# Your task
If an entry below contains an image, drop the image and retype the rest exactly.

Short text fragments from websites
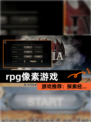 【rpg像素游戏】游戏推荐：探索经…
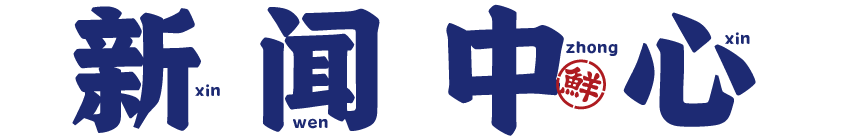 舢鲜新闻中心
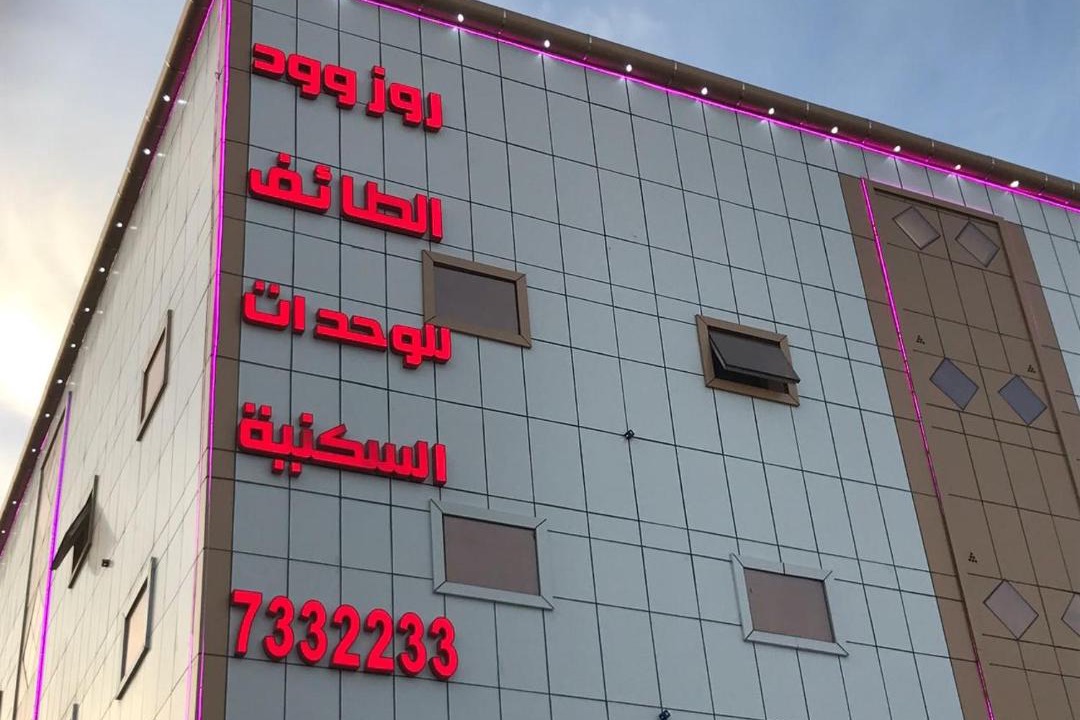 Photo of Buildings in Taif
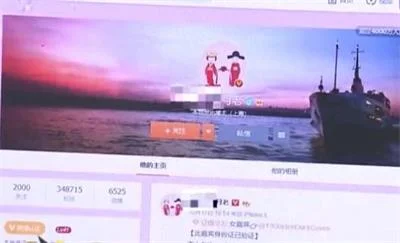 女子相亲遇上“优质男”，被骗90万后仍认为他不是骗子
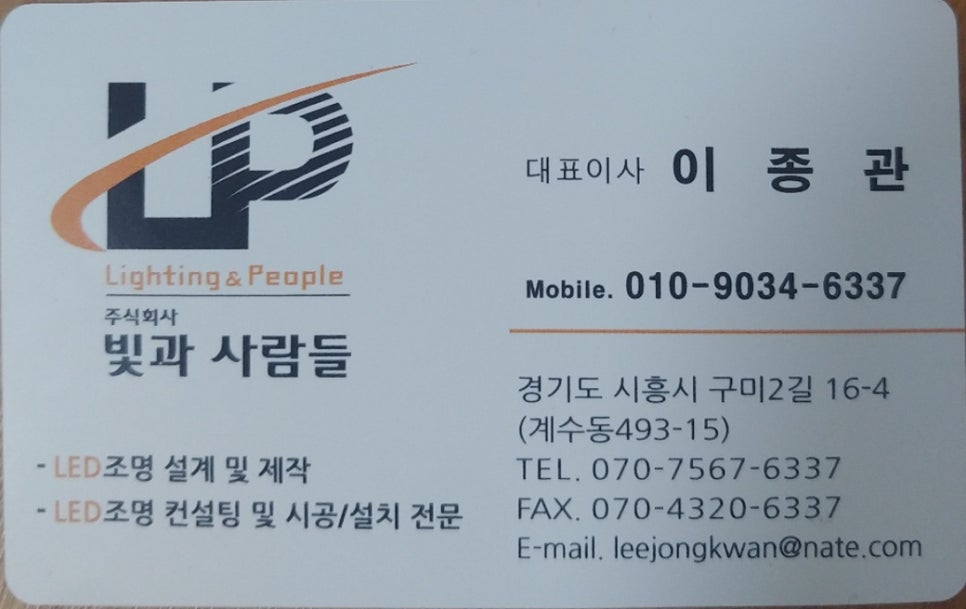 마도특장 이미지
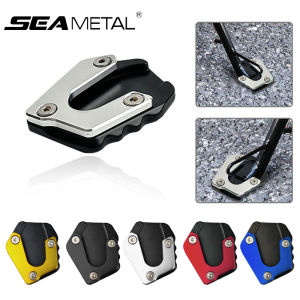 SEAMETAL Motorcycle Anti Slip Foot Support Pad Aluminum Kickstand Extension Plate Stand Enlarge Pad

# Result for this task
 【rpg像素游戏】游戏推荐：探索经…
 舢鲜新闻中心
 Photo of Buildings in Taif
 女子相亲遇上“优质男”，被骗90万后仍认为他不是骗子
 마도특장 이미지
 SEAMETAL Motorcycle Anti Slip Foot Support Pad Aluminum Kickstand Extension Plate Stand Enlarge Pad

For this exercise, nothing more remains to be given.